**Instructions to follow:**
Please write out only the lines from the one containing "کابل تبدیل USB" through the last line of the listing. Do not include pictures.
━━━ Supplied data
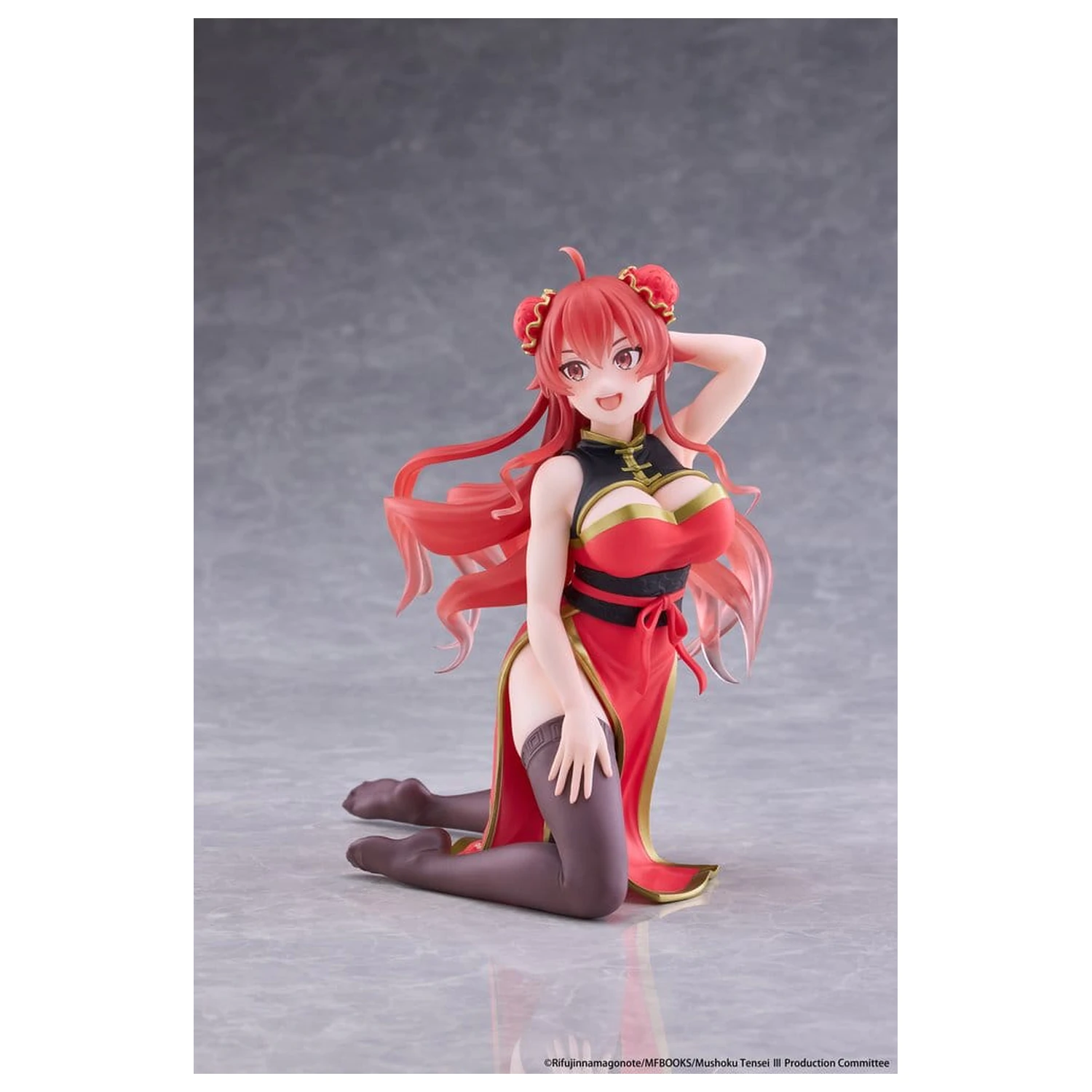 Mushoku Tensei: Jobless Reincarnation Desktop Cute PVC figurica Eris Greyrat (Chinese Dress Ver.) 13 cm fotografija izdelka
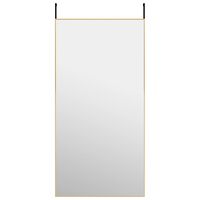 vidaXL Ogledalo za vrata zlatno 50 x 100 cm od stakla i aluminija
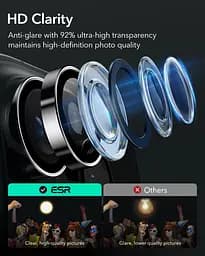 Захисне скло для камери ESR Armorite Camera Lens Protectors Black для iPhone 16 Pro | 16 Pro Max | 15 Pro | 15 Pro Max | 14 Pro | 14 Pro Max (1D73200202) - мініатюра 4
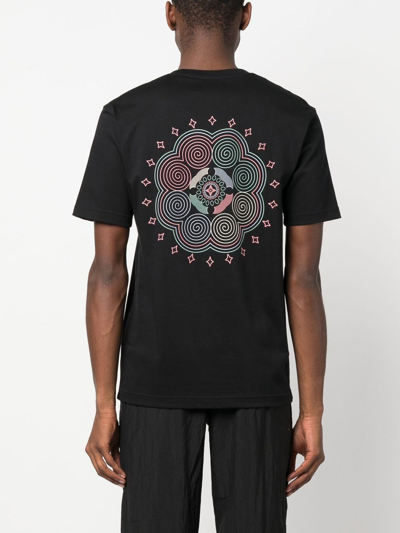 Shop Li-ning Embroidered-logo Short-sleeve T-shirt In Black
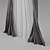 Elegant Drapes for Home Décor 3D model small image 2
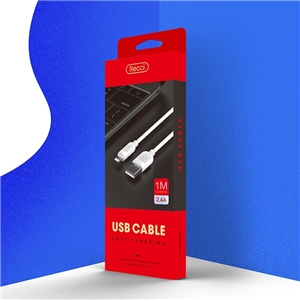 کابل تبدیل USB به لایتنینگ رسی مدل RCL-P100 طول 1 متر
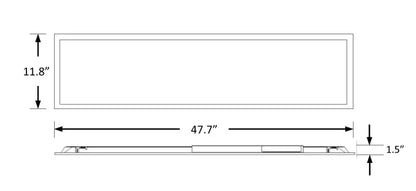 1x4 LED Flat Panel Light Lumen Selectable 2,600/3,400/4,000LM Kelvin Selectable 35K/4K/5K - Let There Be Lighting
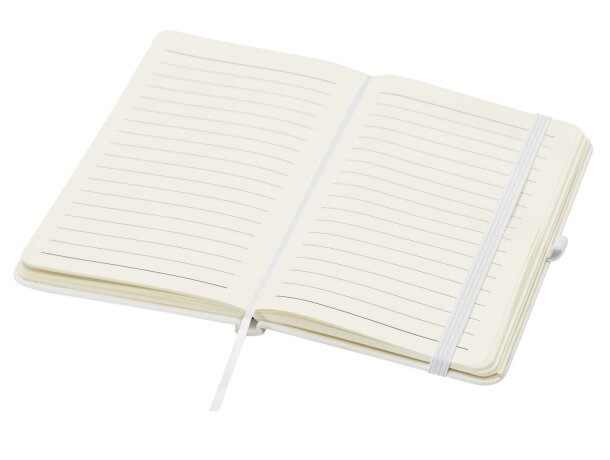 Libreta tapa dura A6 Spectrum Plus con papel FSC certificado Blanco detalle 16
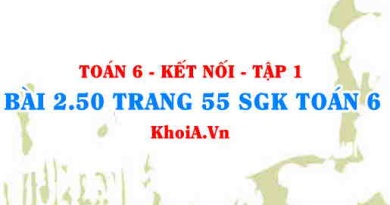 Bài 2.50 trang 55 SGK Toán 6 tập 1 Kết nối tri thức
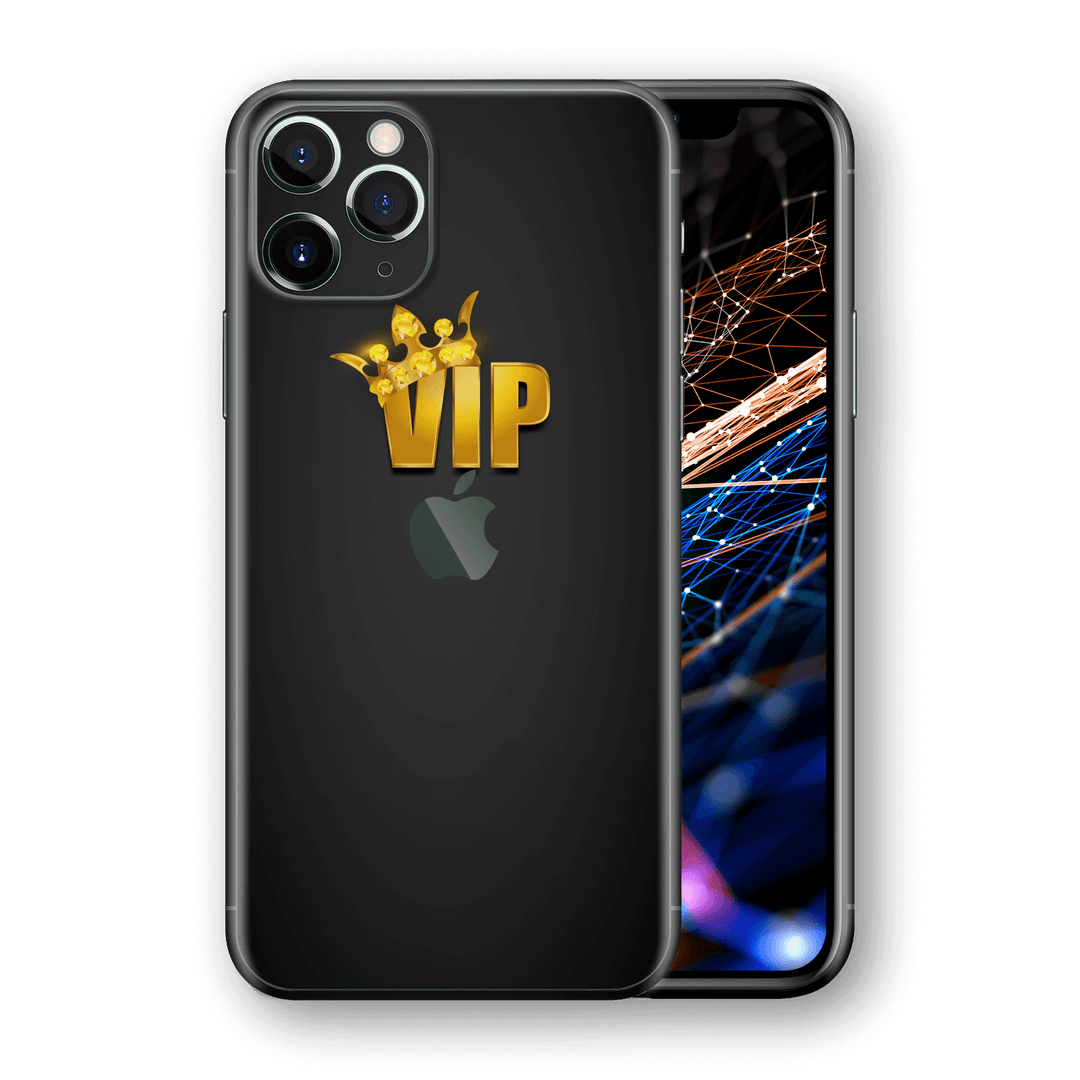 iPhone 11 PRO MAX SIGNATURE VIP Golden Crown Skin, Wrap, Decal, Protector, Cover by EasySkinz | EasySkinz.com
━━━━━━
**Output below:**
 کابل تبدیل USB به لایتنینگ رسی مدل RCL-P100 طول 1 متر
 1x4 LED Flat Panel Light Lumen Selectable 2,600/3,400/4,000LM Kelvin Selectable 35K/4K/5K - Let There Be Lighting
 Libreta tapa dura A6 Spectrum Plus con papel FSC certificado Blanco detalle 16
 Bài 2.50 trang 55 SGK Toán 6 tập 1 Kết nối tri thức
 iPhone 11 PRO MAX SIGNATURE VIP Golden Crown Skin, Wrap, Decal, Protector, Cover by EasySkinz | EasySkinz.com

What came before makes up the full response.